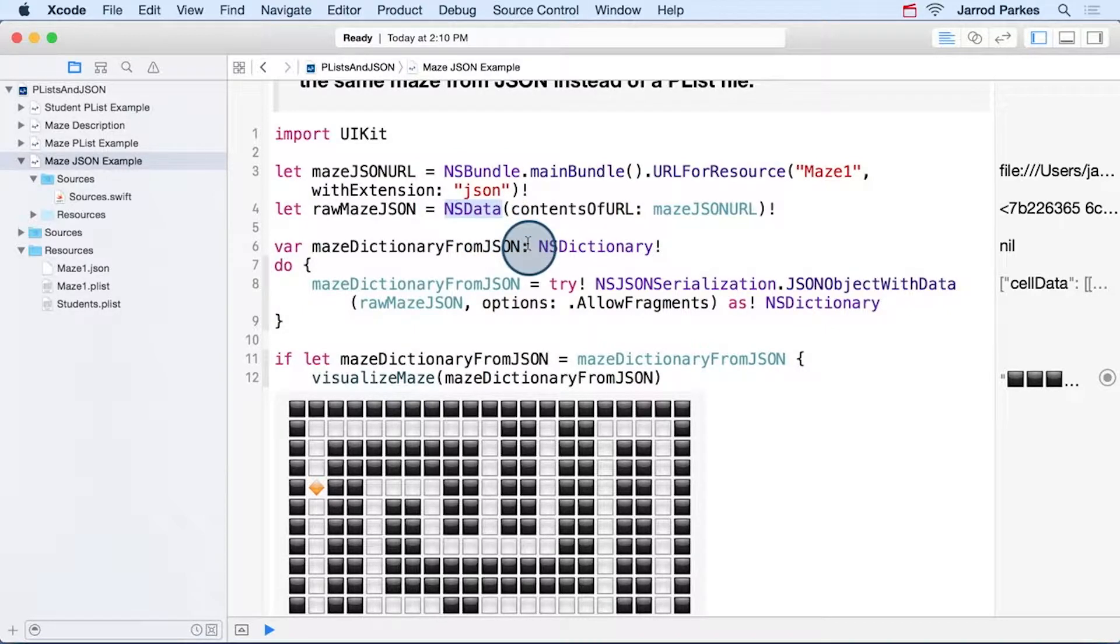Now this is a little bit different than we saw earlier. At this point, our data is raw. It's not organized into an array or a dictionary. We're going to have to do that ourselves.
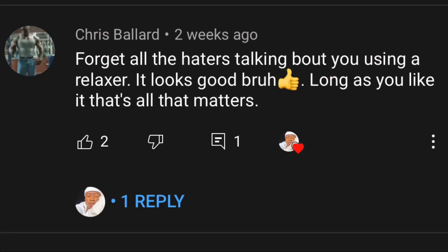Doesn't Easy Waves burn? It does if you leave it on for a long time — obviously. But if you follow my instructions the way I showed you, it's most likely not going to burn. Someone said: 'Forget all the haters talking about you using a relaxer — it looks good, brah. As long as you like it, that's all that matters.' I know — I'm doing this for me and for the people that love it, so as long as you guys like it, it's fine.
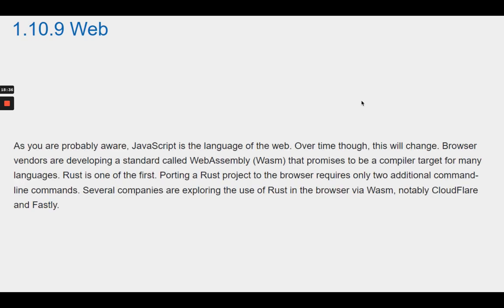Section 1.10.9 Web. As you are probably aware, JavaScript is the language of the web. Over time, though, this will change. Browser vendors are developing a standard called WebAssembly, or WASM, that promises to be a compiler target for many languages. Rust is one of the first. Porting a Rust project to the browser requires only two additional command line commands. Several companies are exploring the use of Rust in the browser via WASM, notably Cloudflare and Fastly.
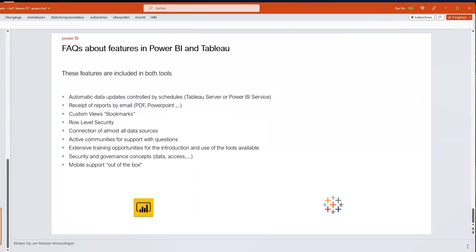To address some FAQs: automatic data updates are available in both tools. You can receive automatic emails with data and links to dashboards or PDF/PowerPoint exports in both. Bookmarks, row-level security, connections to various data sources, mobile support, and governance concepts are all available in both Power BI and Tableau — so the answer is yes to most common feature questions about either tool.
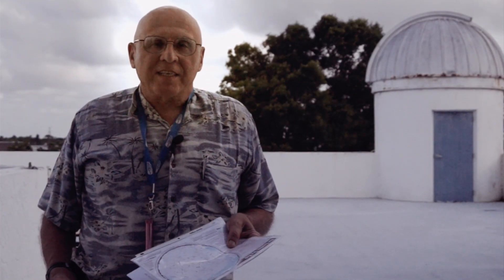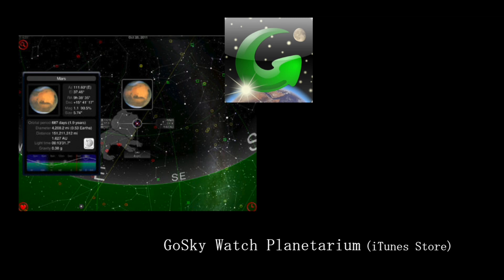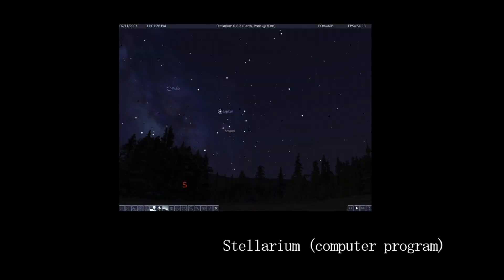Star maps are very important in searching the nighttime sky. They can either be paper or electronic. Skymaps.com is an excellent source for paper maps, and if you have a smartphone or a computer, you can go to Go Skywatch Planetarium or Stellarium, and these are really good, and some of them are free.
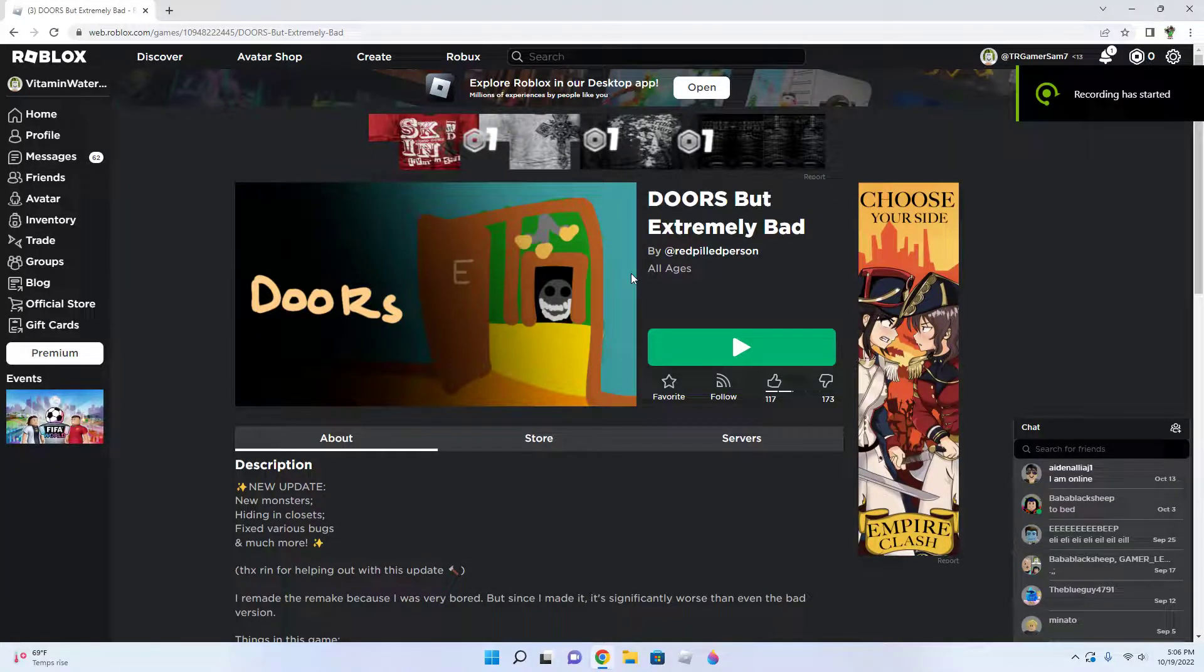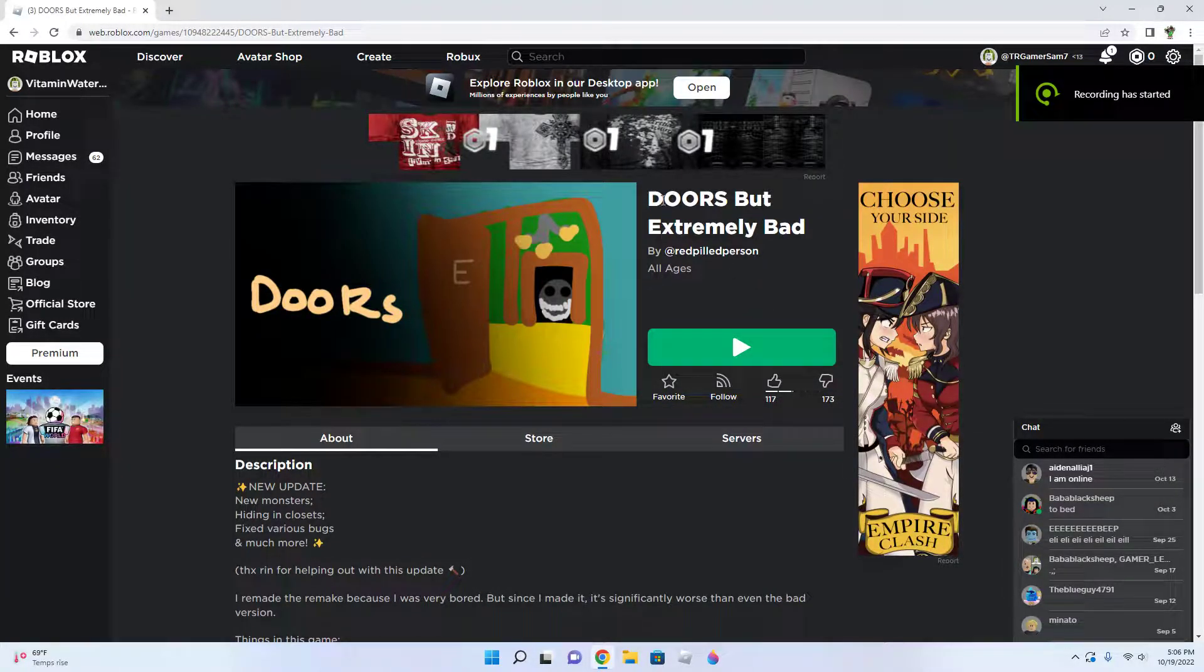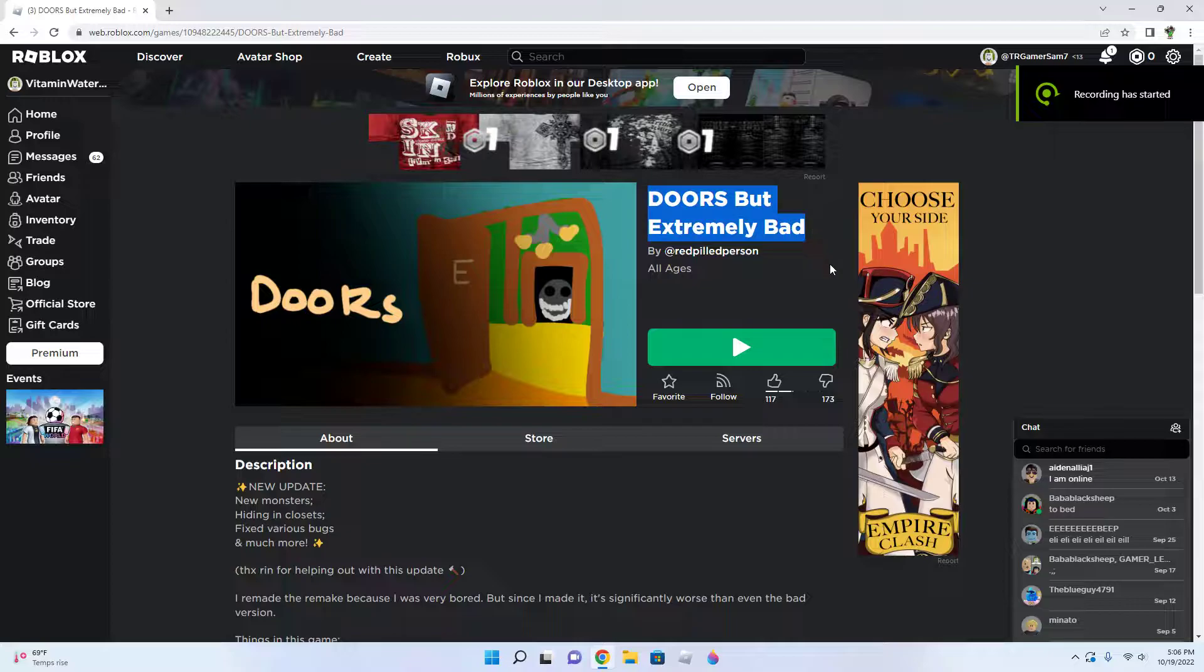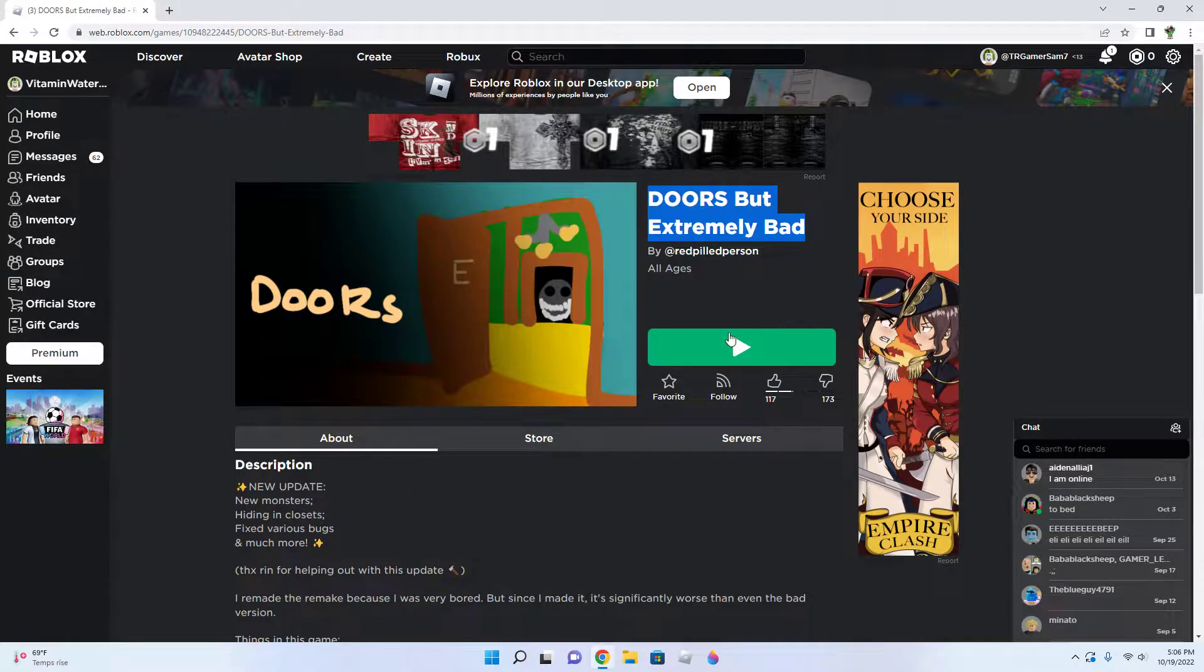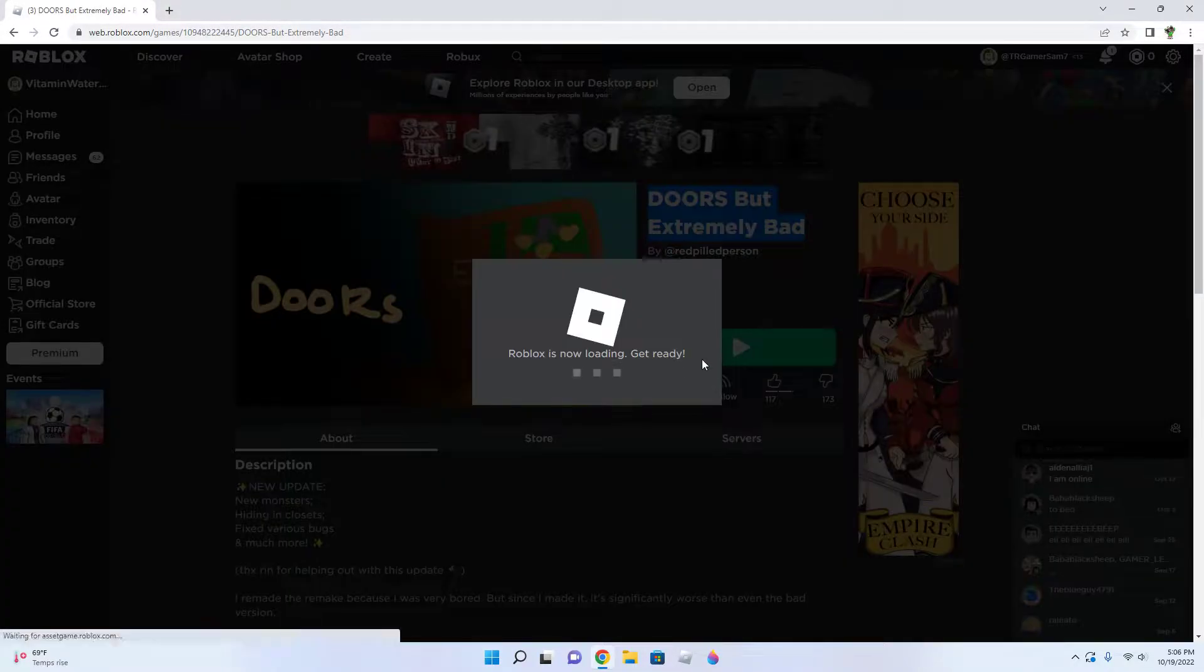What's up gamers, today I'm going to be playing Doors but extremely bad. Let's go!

----------

Required work: Could you copy the listing exactly, leaving out any pictures?

Answer to this exercise:
Now this is a little bit different than we saw earlier. At this point, our data is raw. It's not organized into an array or a dictionary. We're going to have to do that ourselves.
Doesn't Easy Waves burn? It does if you leave it on for a long time — obviously. But if you follow my instructions the way I showed you, it's most likely not going to burn. Someone said: 'Forget all the haters talking about you using a relaxer — it looks good, brah. As long as you like it, that's all that matters.' I know — I'm doing this for me and for the people that love it, so as long as you guys like it, it's fine.
Section 1.10.9 Web. As you are probably aware, JavaScript is the language of the web. Over time, though, this will change. Browser vendors are developing a standard called WebAssembly, or WASM, that promises to be a compiler target for many languages. Rust is one of the first. Porting a Rust project to the browser requires only two additional command line commands. Several companies are exploring the use of Rust in the browser via WASM, notably Cloudflare and Fastly.
To address some FAQs: automatic data updates are available in both tools. You can receive automatic emails with data and links to dashboards or PDF/PowerPoint exports in both. Bookmarks, row-level security, connections to various data sources, mobile support, and governance concepts are all available in both Power BI and Tableau — so the answer is yes to most common feature questions about either tool.
Star maps are very important in searching the nighttime sky. They can either be paper or electronic. Skymaps.com is an excellent source for paper maps, and if you have a smartphone or a computer, you can go to Go Skywatch Planetarium or Stellarium, and these are really good, and some of them are free.
What's up gamers, today I'm going to be playing Doors but extremely bad. Let's go!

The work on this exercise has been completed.